Cité par le sélectionneur au sein d’une liste de neuf joueurs que le staff envisage de voir d’ici à la Coupe du monde 2023, le 2e ligne de Castres et ancien Toulonnais Florent Vanverberghe (21 ans, 1m95, 123kg) rêve de participer à la prochaine Coupe du monde en France. Mais le champion du monde U20 mesure aussi tout le chemin qui lui reste à accomplir pour suivre la trace de certains de ses coéquipiers chez les sélections de jeunes.

Florent Vanverberghe, comment réagit-on quand on entend son nom cité par le sélectionneur du XV de France, Fabien Galthié, parmi une liste de neuf joueurs non capés qu’il voudrait voir à l’œuvre ?

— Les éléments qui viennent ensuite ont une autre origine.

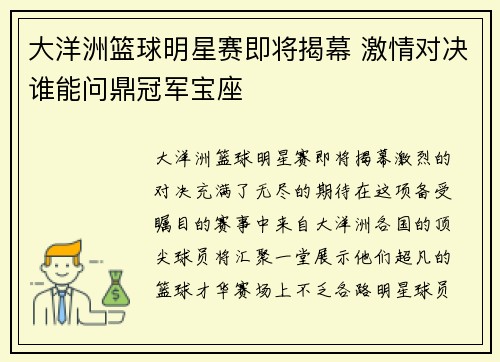 大洋洲篮球明星赛即将揭幕 激情对决谁能问鼎冠军宝座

Ça fait plaisir ! Surtout après la tournée que j’ai passée en Australie, assez délicate je vais dire (il s’est blessé à une hanche avant le premier test pour lequel il était prévu remplaçant et n’a pas joué de la tournée, ndlr). Ça fait donc plaisir de savoir que je reste quand même dans la tête du sélectionneur. Maintenant, c’est à moi de travailler dur, de montrer qu’avec le Castres Olympique, je peux retrouver l’équipe de France.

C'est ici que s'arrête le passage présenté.